As of 1986, it was estimated that the forests of the Amazon were being cleared for colonization, pasturage, timber development, and other commercial purposes at a rate of up to 20 million hectares (50 million acres) a year. As of the mid-1990s, this figure has decreased. From 1990 to 1995, the average annual rate of deforestation was 0.46%. A 20-year US-Brazilian project, initiated by the World Wildlife Fund, in Washington, D.C., and the National Institute for Research on Amazonia, in Manaus, studied the Amazon forest since 1978 in order to recommend appropriate measures for its protection. A Brazilian law requiring that developers leave 50% of each Amazon land parcel untouched is erratically enforced. Only 4.4% of Brazil's natural areas were protected in 2001. Federal agencies with environmental responsibilities include the National Environment Council of the Ministry of the Interior, the Brazilian Institute of Forest Development, and the Ministry of Planning. Other environmental problems in Brazil include water pollution and land damage. Rivers near urban industrial centers are polluted by mercury, toxic industrial wastes, and untreated waste. Brazil lacks fertile soil for agriculture, and the existing soils are threatened by erosion from the clearing of the forests.

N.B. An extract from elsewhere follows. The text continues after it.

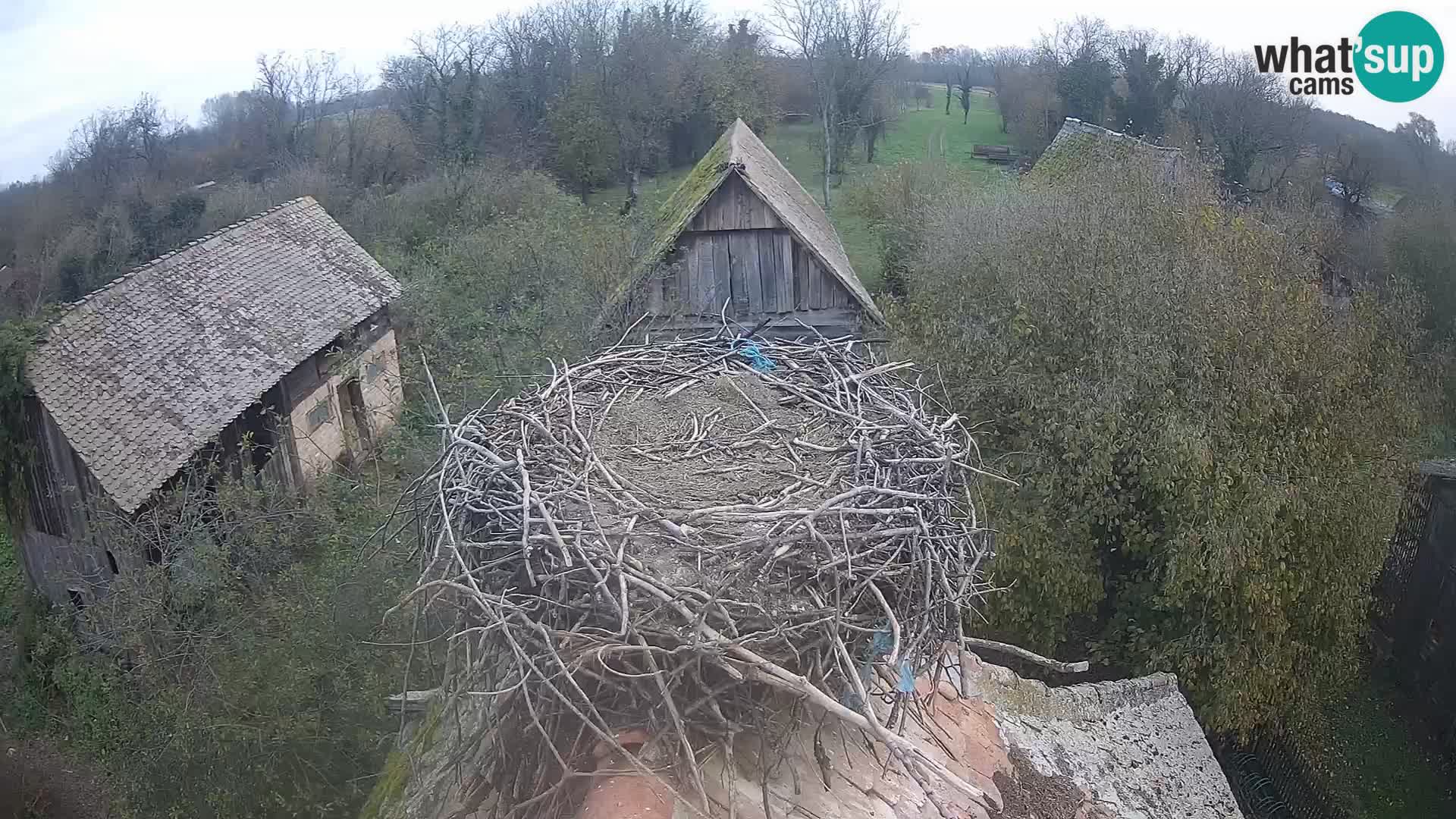 Pueblo europeo de cigüeñas camera en vivo Parque Natural Lonjsko polje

The damage to the rain forest environment is reflected in the number of endangered species which inhabit the region. Between 1900 and 1950, 60 species of birds and mammals became extinct. As of 2001, 71 species of mammals, 103 species of birds, and 751 plant species are endangered. The list of endangered species includes Lutz's coastal frog, the Lear's macaw, the guayaquil great green macaw, the American crocodile, two species of marmoset (buffy-headed and white-eared), three species of tamarin (golden lion, golden-headed lion, and golden-rumped lion), the black saki, the woolly spider monkey, and the maned sloth. The Glaucous macaw has recently become extinct. In December 1987, the Brazilian senate enacted a law to ban whale hunting within the country's territorial waters.